Het vorenstaande leidt ertoe dat de beslissing op bezwaar een deugdelijke motivering ontbeert en derhalve in strijd is met artikel 7:12, eerste lid, van de Algemene wet bestuursrecht. De rechtbank heeft dat niet onderkend.
2.6. Het hoger beroep van appellant sub 2 is gegrond. De uitspraak dient, voor zover aangevallen, te worden vernietigd. Doende hetgeen de rechtbank zou behoren te doen, zal de Afdeling het beroep tegen de beslissing op bezwaar alsnog gegrond verklaren en dat besluit vernietigen. Gelet hierop behoeft de beroepsgrond van het college met betrekking tot de door de rechtbank uitgesproken proceskostenveroordeling geen bespreking meer. Het hoger beroep van het college is ongegrond.
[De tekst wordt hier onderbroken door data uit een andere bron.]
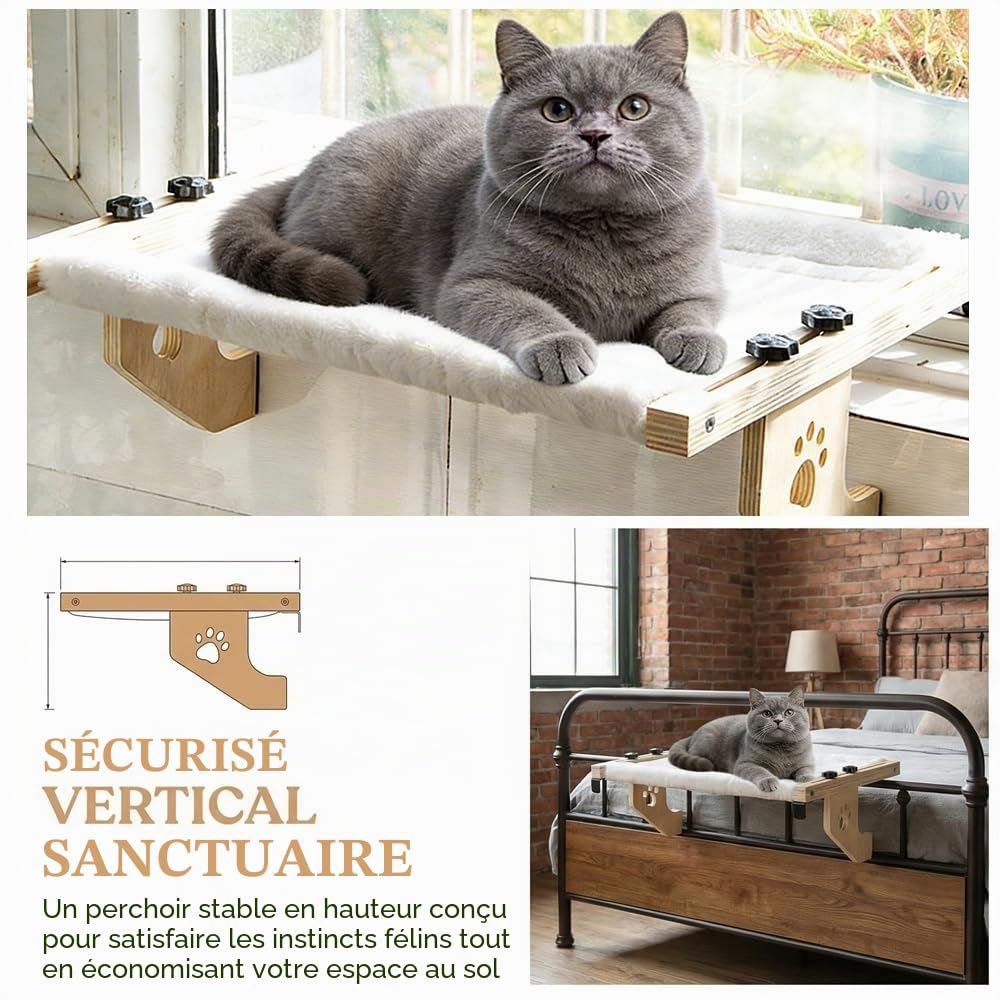 Hamac Chat Radiateur Mural, Transat pour Chat Intérieur Bois, Hamac Chats Suspendus 55x38x16.7 cm, Panier Chats à Suspendre sans Perçage, Charge Lourd de 20 KG, pour Fenêtre Bureau Balcon Porte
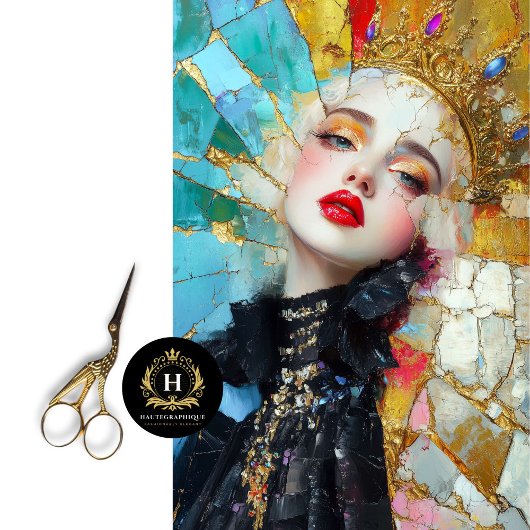 Shattered Queen Abstracte Kunst Vrouwen Geschieden Tissuepapier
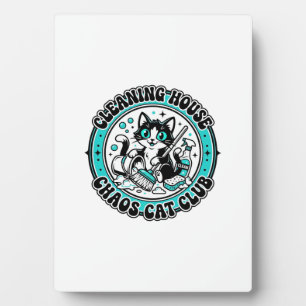 Reinigung Haus Chaos Katze Haustierliebhaber Shirt Fotoplatte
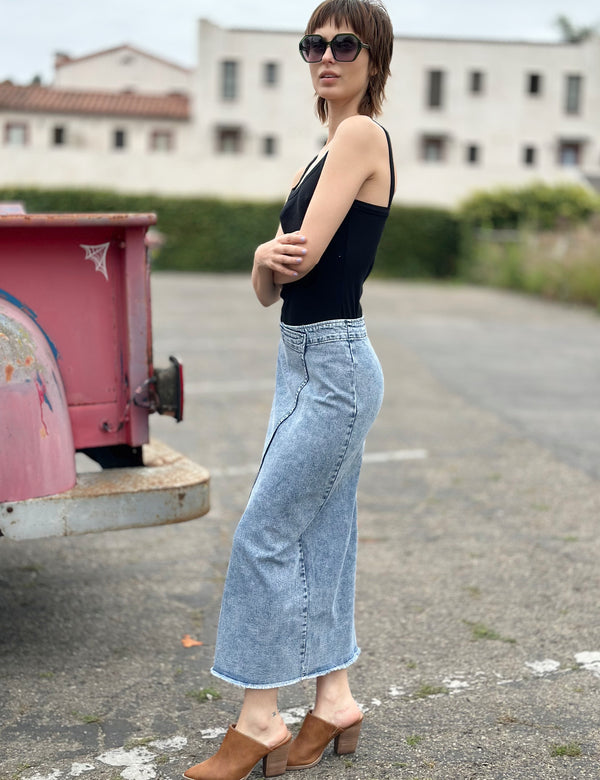 Side Hustle Denim Midi Skirt in Heidi Blue Side View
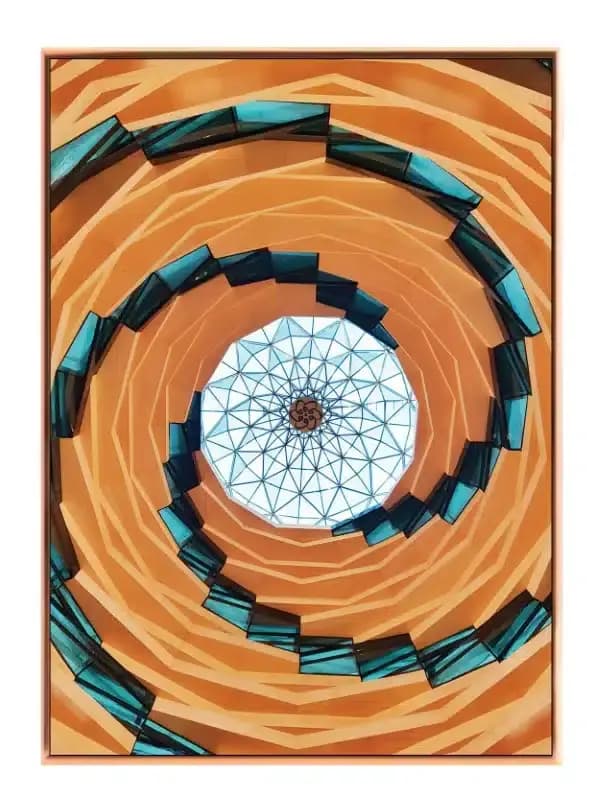 Spiral Ceiling View With Glass
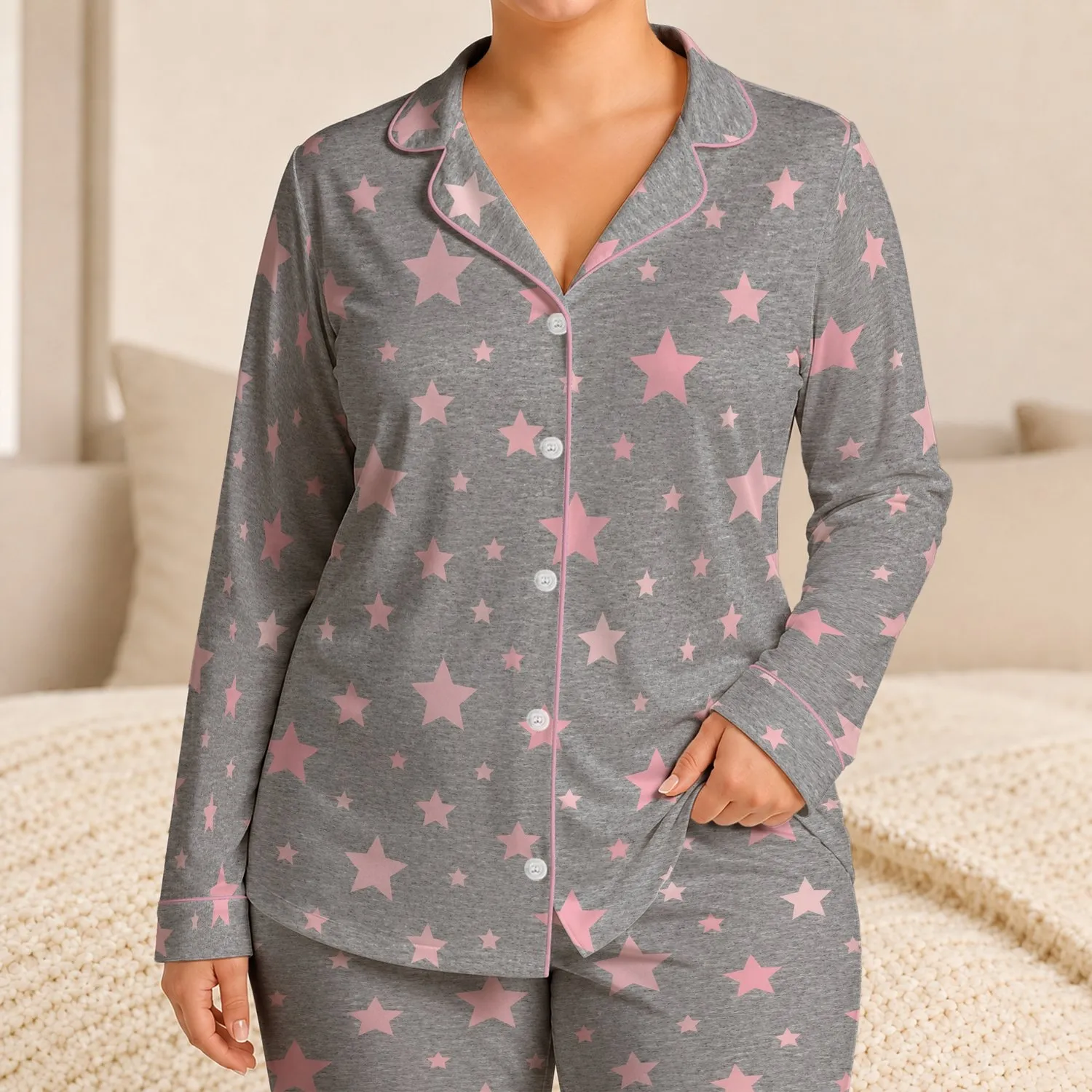 Heather Grey and Blush Pink Stars for Cozy Bedtime Lounging and Sweet Gift Giving for Her Satin Pajamas Set - 1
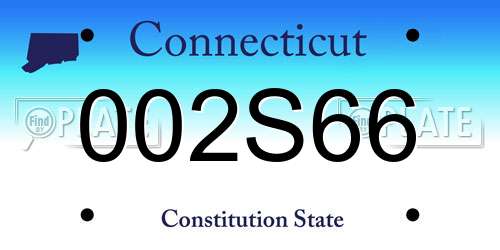 002S66 Connecticut License Plate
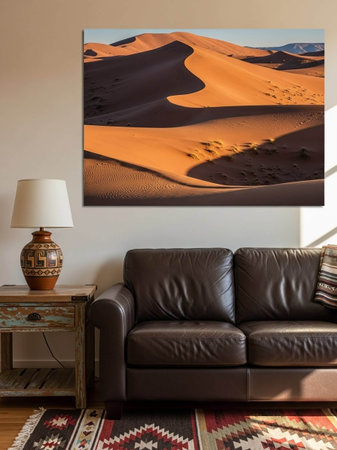 Interior design of modern living room with sofa, coffee table and dunes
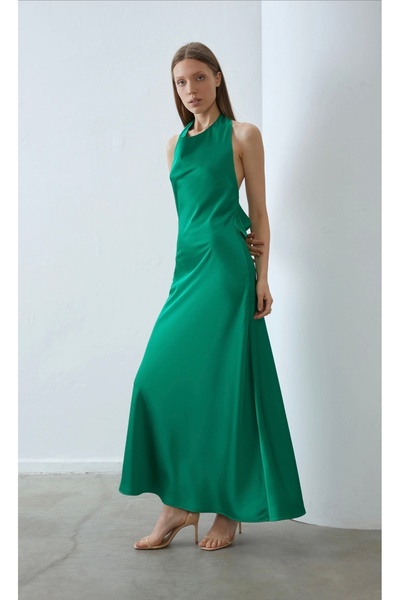 ANNA FİELD Anna Field Elegant Midi Dress, Size M, Vibrant Green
2.7. Het college dient op na te melden wijze in de proceskosten te worden veroordeeld. Ten aanzien van het verzoek van appellant sub 2 om het college te veroordelen in de kosten van de bestuurlijke voorprocedure, waaronder de kosten van de door hem in die procedure ingeschakelde deskundige van de Zuidelijke Land en Tuinbouworganisatie, overweegt de Afdeling dat thans geen aanleiding bestaat daarover te beslissen. Het college dient in de nieuwe beslissing op bezwaar mede te beoordelen of de kosten van de bestuurlijke voorprocedure op grond van artikel 7:15, tweede lid, van de Algemene wet bestuursrecht voor vergoeding in aanmerking komen.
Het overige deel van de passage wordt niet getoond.